PCA will be used as an exploratory technique to analyze feature relevance and redundancy.
It helps to identify which variables explain most of the variance and which ones are highly correlated or low-impact.
The results will guide our feature selection while keeping the final models interpretable.

In [None]:
#Select numerical features for PCA

num_features = df_ml.select_dtypes(include=["int64", "float64"]).columns.tolist()
X_num = df_ml[num_features]

#PCA pipeline with scaling

pca_pipeline = Pipeline([
    ("scaler", StandardScaler()),
    ("pca", PCA())
])

X_pca = pca_pipeline.fit_transform(X_num)

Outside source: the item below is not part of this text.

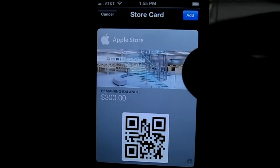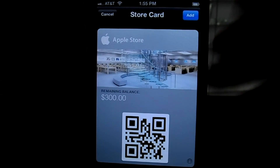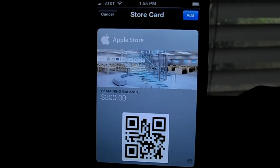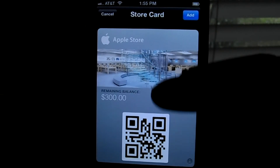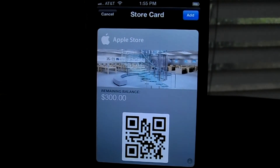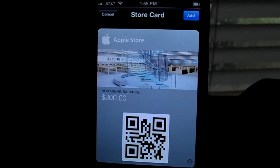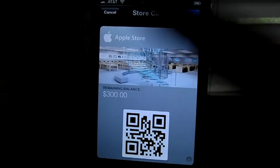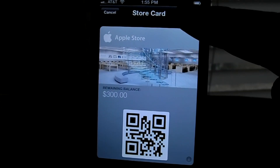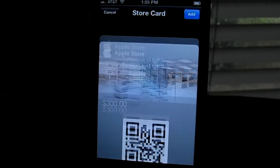It should take us to Passbook — as you can see it looks really nice. We just hit Add.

# Explained variance ratio of the PCA components

pca = pca_pipeline.named_steps["pca"]

explained_var = pd.DataFrame({
    "PC": [f"PC{i+1}" for i in range(len(pca.explained_variance_ratio_))],
    "Explained Variance Ratio": pca.explained_variance_ratio_,
    "Cumulative Variance": np.cumsum(pca.explained_variance_ratio_)
})

explained_var

In [None]:
# PCA loadings to understand feature contributions to each principal component

loadings = pd.DataFrame(
    pca.components_.T,
    index=num_features,
    columns=[f"PC{i+1}" for i in range(len(num_features))]
)

loadings


In [None]:
# Calculate overall importance of original features based on loadings and explained variance

importance = (
    loadings.abs()
    .mul(pca.explained_variance_ratio_, axis=1)
    .sum(axis=1)
    .sort_values(ascending=False)
)

importance


- PC1 captures shipment physical characteristics, mainly driven by weight-related features
- PC2 represents delivery time behavior combining target and real lead time.
- Higher-order components explain residual variance and were not considered for interpretation.

In [None]:
#numenical features for ML model
num_features = [
    "Gwgt",
    "Pcs"
]

#catergorical features for ML model
cat_features = [
    "ZONE",
    "DGR", # Dangerous goods
    "Direction",
    "AIRPORT ORIGIN-DESTINATION",
]

#temporal features for ML model
time_features = [
    "day_of_week",
    "month",
    "hour" #order time of day could impact leadtime and SLA performance
]


In [None]:
#X and Y for ML model

features = num_features + cat_features + time_features

X = df_ml[features]
y = df_ml["sla_recommended"]  # Using recommended SLA as target for classification



In [None]:
#Train-test split

X_train, X_test, y_train, y_test = train_test_split(
    X,
    y,
    test_size=0.2,
    random_state=42,
    stratify = y
)


In [None]:
#check target distribution in train and test sets to ensure stratification worked

def pct(s):
    return (pd.Series(s).value_counts(normalize=True) * 100).round(2)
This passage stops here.